(Bloomberg) -- Canada’s financial regulator left capital requirements unchanged for the country’s largest banks, signaling regulators believe systemic risks to bank balance sheets remain under control.
Following its semi-annual review, the Office of the Superintendent of Financial Institutions said the domestic stability buffer will remain at 3.5% of banks’ risk-weighted assets, the third consecutive hold, according to a statement Tuesday. The regulator last boosted the buffer in June 2023.
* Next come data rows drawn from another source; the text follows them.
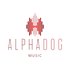 Avatar de Alpha Dog Music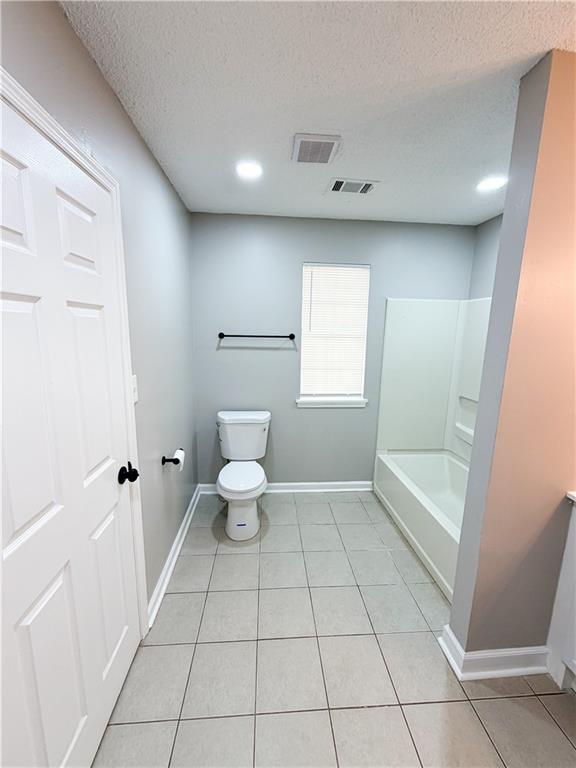 3260 River Mist Cove Decatur, GA 30034 - Photo 14 of 28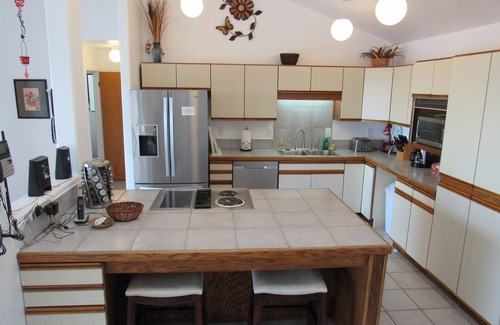 Kona Palisades House | Kona Acres Vacation Home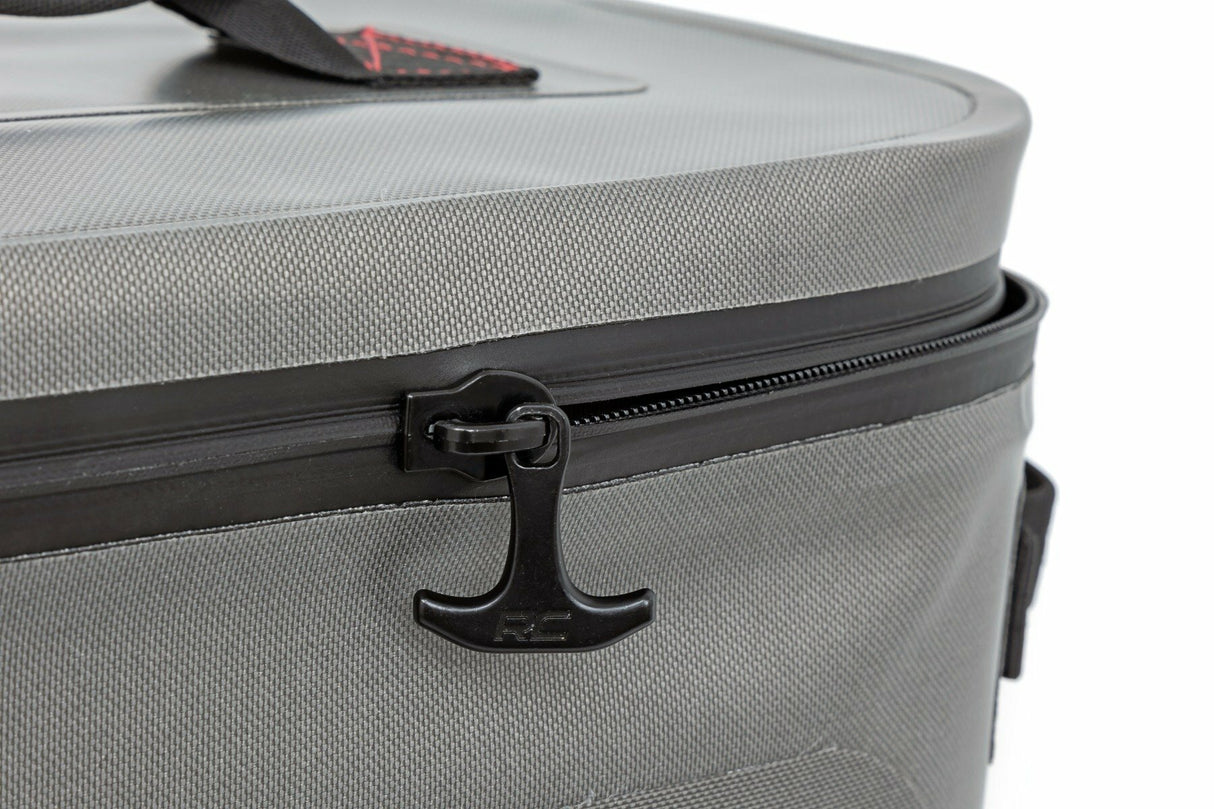 Rough Country 99032 Insulated Backpack Cooler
“We expect further pressure on households as mortgages in 2025 and 2026 will renew at higher interest rates,” Peter Routledge, superintendent of financial institutions, said in a media briefing. “However, this is less concerning than in June, since interest rates have declined and Canadian homeowners have weathered the current credit cycle well.”
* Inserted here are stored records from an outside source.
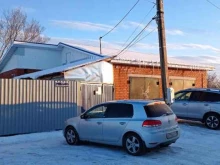 компания Алгоритм в Альметьевске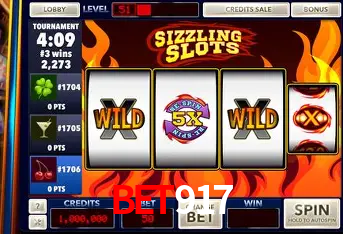 Apostas Esportivas na bet917: Um Guia Completo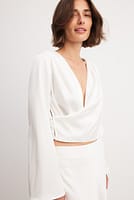 Go to image 1 of 4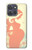 S0815 Art enceinte Etui Coque Housse pour Motorola Moto G Power (2025,2026)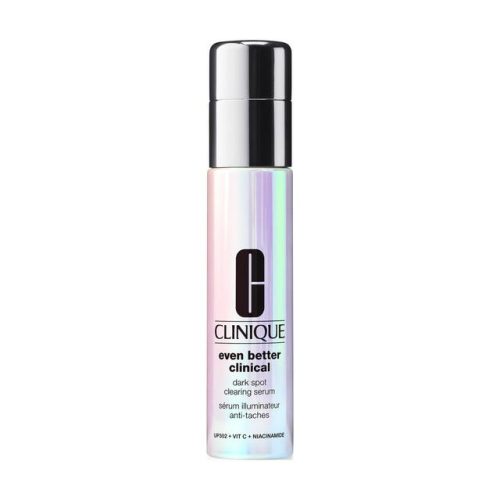 Clinique, Clinique - Even Better Clinical? Dark Spot Clearing Serum
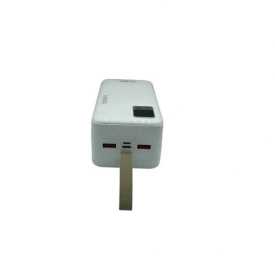 Преносима батерия, 50000 mAh KLGO KP-94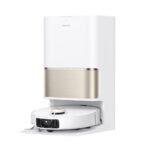 Robot aspirador Dreame L50sPro Ultra Blanco - Imagen 3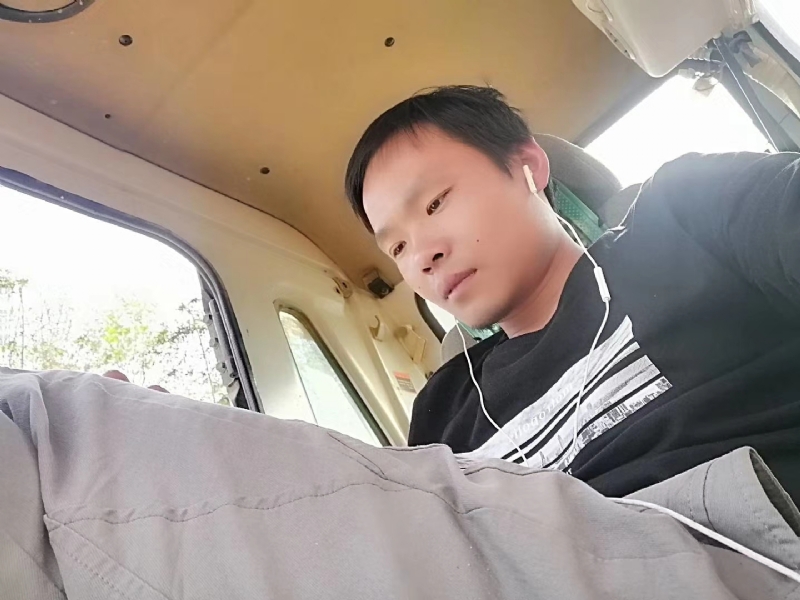 夜魇的第四张照片--全椒中老年相亲网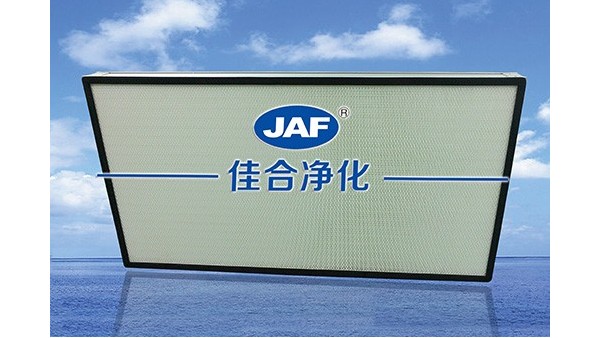 高空墜玻璃窗砸傷的男童搶救無效離世引發(fā)的深思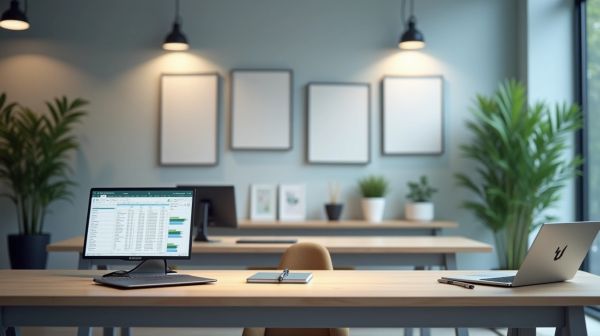 Comment choisir votre liste de goodies personnalisés pour entreprise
The stability buffer is like a rainy-day fund meant to protect the financial system by ensuring banks have enough capital on hand to absorb losses in a downturn. OSFI lowered it in the early days of the pandemic to free up capital for lending, but has raised it in stages since 2021 as the economy recovered.
Tuesday’s decision means Canada’s banks are required to have Common Equity Tier 1 capital of at least 11.5% of risk-weighted assets. All six large banks already exceed that ratio, and the regulator said the country’s big lenders “have maintained an adequate level of capital to address emerging risks.”
Routledge said the regulator would consider lowering the buffer if faced with a severe economic shock, such as the pandemic, or a pronounced downturn in the economy.
OSFI will also look at reducing the buffer over time as vulnerabilities in the system decrease, he said.
The major banks have set aside large provisions for potential loan losses, but said in quarterly earnings reports earlier this month that they see credit stress easing over the course of 2025.
(Updates with comments from OSFI Superintendent starting in third paragraph.)